Miroslav Klose is the all-time top scorer for the Germany national football team, with 71 goals in 137 games between 2001 and 2014. He is also the top scorer in the history of the FIFA World Cup, with 16 goals in 24 appearances across four editions from 2002 to 2014. In the 13 years Klose played for the national team, Germany never lost a game in which he scored.
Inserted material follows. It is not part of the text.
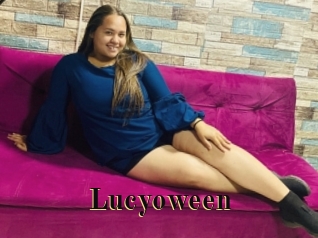 Lucyoween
Klose scored on his debut for Germany, a 2–1 win over Albania on 24 March 2001 during qualification for the 2002 FIFA World Cup. On 13 February 2002, he scored his first international hat-trick, in a 7–1 win over Israel at his then club ground, the Fritz-Walter-Stadion in Kaiserslautern; this was followed by another treble on 18 May in a 6–2 win against Austria. At his first tournament finals, the 2002 FIFA World Cup in South Korea and Japan, Klose scored five goals to become the tournament's joint second top scorer, alongside Brazil's Rivaldo and behind Ronaldo. All of his goals came in the group stage, starting with a headed hat-trick in an 8–0 win against Saudi Arabia at the Sapporo Dome.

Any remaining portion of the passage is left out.